According to Rasmusson (1985), Gray (1993), Glantz (1998), Barry and Chorley (1998) and Magaña (1998), El Niño builds up when there is an abnormal warming of the waters in the eastern tropical Pacific Ocean. This process is characterized by the change in direction of the easterly winds, which weaken or even become westerly winds. These conditions cause atmospheric instability off the South American coast, producing intense precipitation over the coast of Perú and Ecuador and floods. However, in other regions such as Australia or Indonesia, extreme hot and dry conditions are experienced.

When several criteria to define a frost are taken into account a correct definition of a frost is difficult to find. Thus, from the weather viewpoint Romo and Arteaga (1989) mention that a frost occurs when the air temperature measured at a 1.5 m height inside of a weather shelter is 0 °C. It is important to note that air temperature from the inside of a weather shelter is higher than that outside the shelter. Hence, the office of Comisión Nacional del Agua (CNA, 1993) uses the air temperature value inside the shelter of < 2 °C to give information on frost. From an agricultural viewpoint, a frost occurs whenever the air temperature decreases enough to kill the plants (regardless of whether its value is below, equal or above 0 °C).

The abnormal occurrence of frost in many areas in México is a big problem: every year, frost periods show different dates of occurrence; in certain years, frosts occur too early and in other years, frosts end too late causing much damage to plants. According to Romo and Arteaga (1989), frosts are classified according to the following criteria: a) time of occurrence (spring frost or late frost, fall frost or early frost) b) physical formation process (advection, radiation, mixed and evaporation) and c) visual effects (black and white frost).

Regarding the time of occurrence, late frost or spring frosts are the most dangerous because they may occur in May and even in June or July (mainly in high–altitude places) when crops are already in full development. Early frosts or fall frosts –unless occurring since late July, August or September– are not considered too dangerous because the spring–summer crops have finished their vegetative cycle and have already been harvested (October, November).
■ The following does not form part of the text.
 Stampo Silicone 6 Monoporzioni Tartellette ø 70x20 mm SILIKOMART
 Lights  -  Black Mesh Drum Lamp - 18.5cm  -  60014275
The physical process which gives rise to advection frosts is formed by huge masses of cold air moving down from northern Canada and the United States, frequently associated with the passage of a deep cyclone and a very well–developed cold front in advance of a strong anticyclone. Radiation frosts often occur in connection with slow moving anticyclones, in which the air is moderately cool and dry according to Blanc et al., as mentioned by Pérez (1990). According to this author, in terms of atmospheric dynamics, the formation of tropical cyclones in winter in the northeast of the Gulf of México has influence on the occurrence of early frosts in the Mexican plateau. Also, in every case, there is formation of anticyclones in central and northwestern México, causing clear skies, temperature drop and calm winds. In cases where cyclonic activity was reported, the states of Guanajuato, Estado de México, Puebla, Tlaxcala, Veracruz and Hidalgo were affected with killing frosts.

The complex dynamics of the lower and middle troposphere explains the formation of late frost in June or July. When troughs form in the northwestern and central United States, an anticyclone circulation develops and covers central and northwestern México. Also, tropical depressions can interact with troughs in the western Caribbean Sea. They move toward the northeastern United States and rapidly (several hours) a late frost may occur in the south central plateau, bringing killing frost to a large number of places in that region (Pérez, 1990).

On the other hand, Hastenrath as cited by Magaña et al. (1999) mentions that: "Nortes are the result of cold air accumulated in middle latitudes and intense meridional pressure gradients in the lower troposphere, thus resulting in large movements of cold air towards the tropics." Magaña et al. (1999) conclude that Nortes may occur in the period from October to May, causing temperature drops. Also, in the case of the El Niño phenomenon, the middle latitudes jetstream (in which cyclones of middle latitude are immerse), moves toward the south, causing a large quantity of cold fronts and rain in northern and central México.

Radiation frosts are much localized and are caused by the decrease of incoming solar radiation (in winter, days are shorter) and by the loss of heat by radiation (Romo and Arteaga, 1989); cloudy days and clear nights worsen the problem of localized radiation frost (Ahrens, 1993). Frost by radiation often occur in connection with slow–moving anticyclones in which the air is moderately cool and dry, as mentioned above (Pérez, 1989). Thermal inversions are common with these types of frosts because there is no wind to mix the cold and warm layers of air surrounding the soil surface; in these cases the air close to the soil surface is colder than that above.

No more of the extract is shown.